Terje Mathisen said:
Rather the opposite: The extra GPRs is a relatively small improvement,
but as you said, it made a lot of sense to do it at the same time.
I recently helped a friend with perfomance optimization of some string
searching code. They were using strstr, which was acceptably fast, but
needed a case insensitive version and the case insensitive versions of
strstr were much slower. The platform where this was discovered was
Win32 using VC++ libraries, but Linux, Solaris, AIX, HP-UX, etc. are
also targets for the product.
I suggested using Boyer-Moore-Gosper (BMG) since the search string is
applied to a very large amount of text. A fairly straight forward BMG
implementation (including case insensitivity) in C is ~3 times faster
than strstr on PowerPC and SPARC for the test cases they use. On PIII
class hardware it is faster than strstr by maybe 50%. On a P4 it is a
little slower than strstr.
The Microsoft strstr is a tight hand coded implementation of a fairly
simple algorithm: fast loop to find the first character, quick test
for the second character jumping to strcmp if success, back to first
loop if failure.
The BMG code had ridiculous average stride. Like 17 characters for
this test corpus. But the inner loop did not fit in an x86 register
file. (It looked like I might be able to make it fit if I hand coded
it and used the 8-bit half registers, and took over BP and SP, etc.

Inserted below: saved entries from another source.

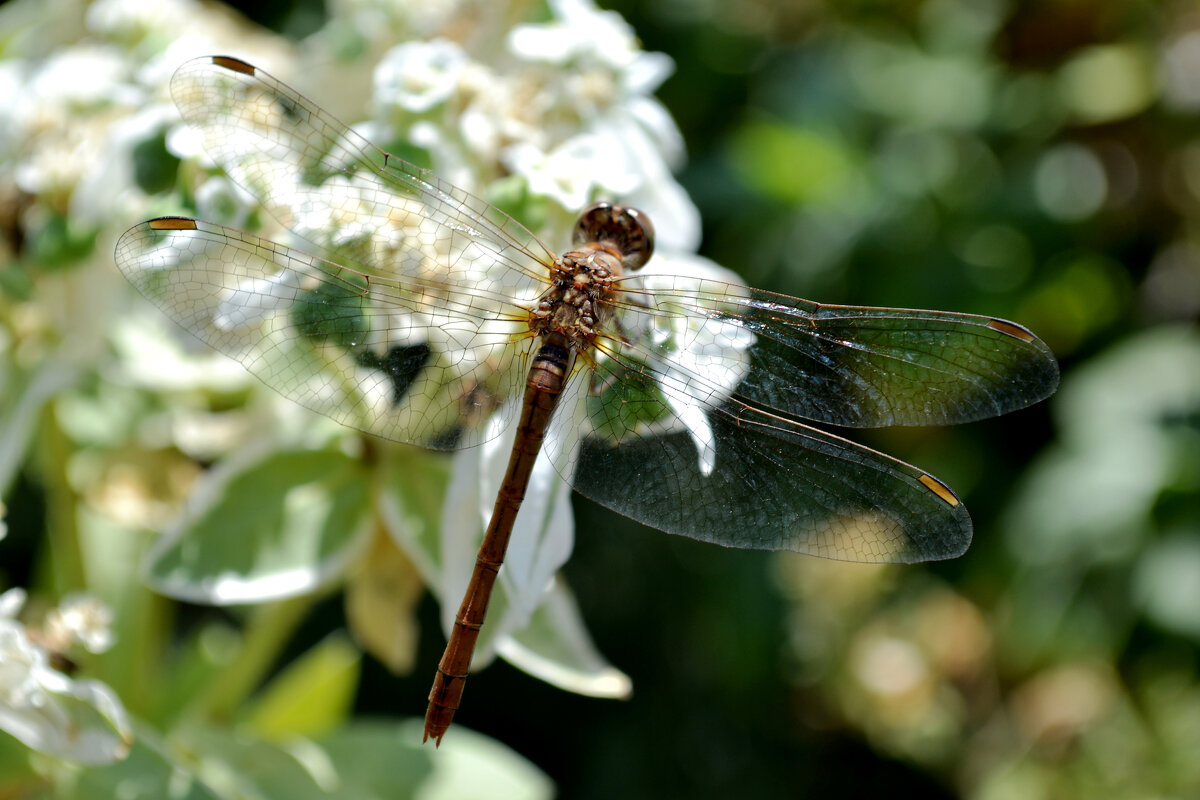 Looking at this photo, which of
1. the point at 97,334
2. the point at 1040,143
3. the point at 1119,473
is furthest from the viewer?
the point at 1040,143

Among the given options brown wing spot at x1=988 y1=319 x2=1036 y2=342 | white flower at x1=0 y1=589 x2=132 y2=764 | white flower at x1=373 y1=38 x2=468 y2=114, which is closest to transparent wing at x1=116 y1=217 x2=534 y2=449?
white flower at x1=373 y1=38 x2=468 y2=114

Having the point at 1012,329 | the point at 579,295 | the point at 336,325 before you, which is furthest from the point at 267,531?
the point at 1012,329

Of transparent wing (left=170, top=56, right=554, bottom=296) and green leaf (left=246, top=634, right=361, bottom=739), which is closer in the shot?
transparent wing (left=170, top=56, right=554, bottom=296)

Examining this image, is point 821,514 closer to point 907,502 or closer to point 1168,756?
point 907,502

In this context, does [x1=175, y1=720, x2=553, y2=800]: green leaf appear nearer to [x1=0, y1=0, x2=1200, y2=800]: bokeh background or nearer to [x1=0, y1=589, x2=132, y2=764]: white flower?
[x1=0, y1=589, x2=132, y2=764]: white flower

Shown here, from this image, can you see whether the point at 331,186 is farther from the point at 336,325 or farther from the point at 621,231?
the point at 621,231

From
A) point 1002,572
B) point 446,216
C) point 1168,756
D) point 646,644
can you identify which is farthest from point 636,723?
point 446,216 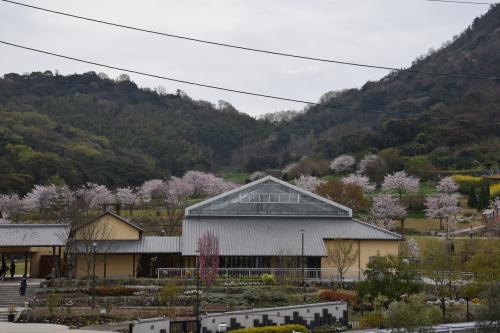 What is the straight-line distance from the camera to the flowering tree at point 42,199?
63.2m

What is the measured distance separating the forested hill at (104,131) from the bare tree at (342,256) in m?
46.2

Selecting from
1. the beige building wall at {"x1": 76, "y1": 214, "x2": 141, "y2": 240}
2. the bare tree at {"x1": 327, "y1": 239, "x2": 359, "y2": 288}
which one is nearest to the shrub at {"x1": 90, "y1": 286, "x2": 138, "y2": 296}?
the beige building wall at {"x1": 76, "y1": 214, "x2": 141, "y2": 240}

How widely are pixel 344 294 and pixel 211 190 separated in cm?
5116

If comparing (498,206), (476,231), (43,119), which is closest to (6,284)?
(476,231)

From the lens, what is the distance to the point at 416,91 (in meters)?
147

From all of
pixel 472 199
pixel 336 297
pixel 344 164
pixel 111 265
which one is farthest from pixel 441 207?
pixel 111 265

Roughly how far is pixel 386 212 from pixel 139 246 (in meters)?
28.7

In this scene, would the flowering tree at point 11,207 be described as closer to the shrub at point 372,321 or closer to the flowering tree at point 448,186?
the flowering tree at point 448,186

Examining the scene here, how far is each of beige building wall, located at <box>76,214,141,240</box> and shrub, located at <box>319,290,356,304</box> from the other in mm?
13169

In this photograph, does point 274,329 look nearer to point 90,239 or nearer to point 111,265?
point 90,239

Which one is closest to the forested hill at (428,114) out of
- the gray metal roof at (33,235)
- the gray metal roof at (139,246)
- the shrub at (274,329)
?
the gray metal roof at (139,246)

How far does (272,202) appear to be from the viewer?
130ft

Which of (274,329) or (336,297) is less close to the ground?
(336,297)

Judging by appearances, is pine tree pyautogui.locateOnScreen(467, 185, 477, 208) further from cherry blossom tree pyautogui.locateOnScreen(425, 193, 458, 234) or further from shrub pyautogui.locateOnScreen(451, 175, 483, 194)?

But it wasn't obvious it could be done and at that point, they were
happy enough with the speedup it did give so...)
It turns out that the P4 core can run the first character search loop
very fast. (I recall two characters per cycle, but I could be
misremembering. It was definitely 1/cycle.) The BMG code, despite
theoretically doing a lot less work, stalls a a bunch. A good part of
this is that it has a lot of memory accesses that are dependent on
loads of values being kept in memory because there are not enough
registers. 16 registers is enough to hold the whole thing. (I plan on
redoing the performance comparison on AMD64 soon.)
The point is this: having "enough" registers provides a certain
robustness to an architecture. It allows register based calling
conventions and avoids a certain amount of "strange" inversions in the
performance of algorithms. (Where the constant factors are way out of
whack compared to other systems.) As a practical day to day matter, it
makes working with the architecture easier. (Low-level debugging is
easier when items are in registers as well.)
I expect there are power savings to be had avoiding spill/fill
traffic, but I'll leave that to someone with more knowledge of the
hardware issues.
AMD64 is a well executed piece of practical computer architecture
work. Much more in touch with market issues than IPF ever has been or
ever will be.
-Z-